Okay my '05 Spec-V is getting really annoying with it's wheel hop. even if i dont intentionally try to burn out the wheels will hop like crazy when they start to spin. now when i was at the track first gear was smooth but when second gear spun the tires i was bouncing like crazy and third just hears a chirp. so is this regular in all spec's and something that i just have to get used to or is this a problem that i should be fixing? oh and i read a thread that said that spec's from factory have an alignment problem. something to the effect "all this time i thought it was just torque steer and then i took it to a shop and the car goes straight." it was something like that. anyway if i am on the freeway going 80 in 6th and let go of the wheel i'll go straight but when i hit the gas the car will veer to the right (i dont mean it will pull slightly it will literally take you out of your lane if your not muscling the steering wheel) and if i let off the gas at 80 in 6th the car will slightly pull off to the left. I think something is loose. is this one of those "here's your sign moments?" where i should obviously know something is wrong? thank you for all of your help.


----------



## Psch91 (May 18, 2002)

05ser said:


> Okay my '05 Spec-V is getting really annoying with it's wheel hop. even if i dont intentionally try to burn out the wheels will hop like crazy when they start to spin. now when i was at the track first gear was smooth but when second gear spun the tires i was bouncing like crazy and third just hears a chirp. so is this regular in all spec's and something that i just have to get used to or is this a problem that i should be fixing? oh and i read a thread that said that spec's from factory have an alignment problem. something to the effect "all this time i thought it was just torque steer and then i took it to a shop and the car goes straight." it was something like that. anyway if i am on the freeway going 80 in 6th and let go of the wheel i'll go straight but when i hit the gas the car will veer to the right (i dont mean it will pull slightly it will literally take you out of your lane if your not muscling the steering wheel) and if i let off the gas at 80 in 6th the car will slightly pull off to the left. I think something is loose. is this one of those "here's your sign moments?" where i should obviously know something is wrong? thank you for all of your help.



Not sure about your problem about the drifting to a certain side, if youre concerned, just go get an allignment done.

As far as the wheel hop, that is common with our cars because they werent meant to be launched that way from the factory. You need to get yourself some Energy Suspension Motor Mounts.
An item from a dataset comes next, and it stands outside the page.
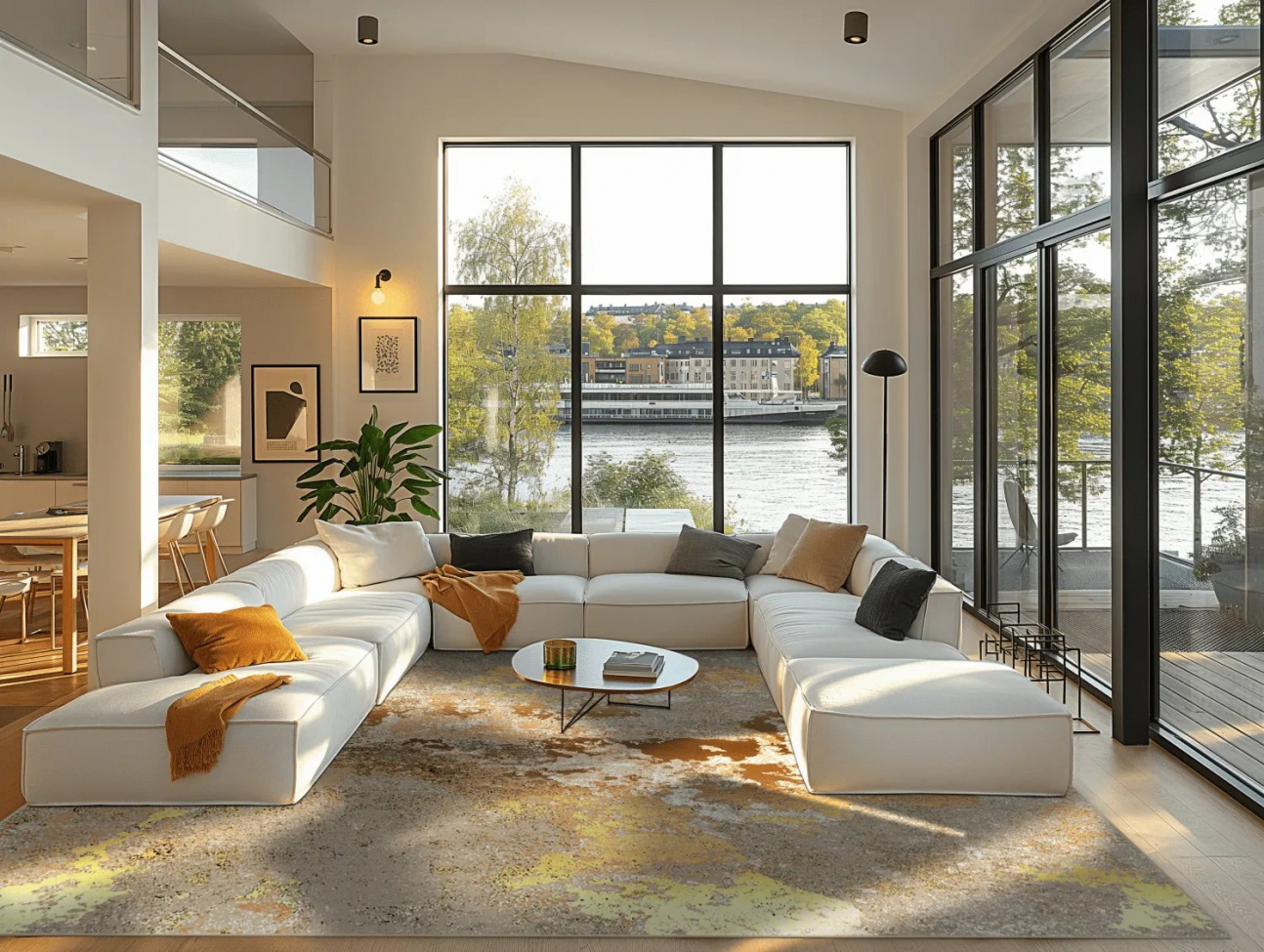 Wilton Teppich 'Elena' 240x240cm - Beige/Gold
Because our motor mounts are not solid and squishy rubber, you need the poly mounts to make it stiffer. This will greatly improve/eliminate most of the wheel hop. They cost like 35 bucks or so. The torque steer will always be there. Thats just how front wheel drive cars are, especially with the amount of low end torque we have. To get rid of that some, you can buy a nismo lower tie bar.

You can get the mounts on ebay.


----------



## 05ser (Aug 31, 2005)

Psch91 said:


> Not sure about your problem about the drifting to a certain side, if youre concerned, just go get an allignment done.
> 
> As far as the wheel hop, that is common with our cars because they werent meant to be launched that way from the factory. You need to get yourself some Energy Suspension Motor Mounts. Because our motor mounts are not solid and squishy rubber, you need the poly mounts to make it stiffer. This will greatly improve/eliminate most of the wheel hop. They cost like 35 bucks or so. The torque steer will always be there. Thats just how front wheel drive cars are, especially with the amount of low end torque we have. To get rid of that some, you can buy a nismo lower tie bar.
> 
> You can get the mounts on ebay.


Hey Thanks for the tips, are the engine mounts pretty easy to install? i did it on my '99 Volvo C70 but, i have no idea how they are in the Spec. Thanks again.


----------



## Psch91 (May 18, 2002)

05ser said:


> Hey Thanks for the tips, are the engine mounts pretty easy to install? i did it on my '99 Volvo C70 but, i have no idea how they are in the Spec. Thanks again.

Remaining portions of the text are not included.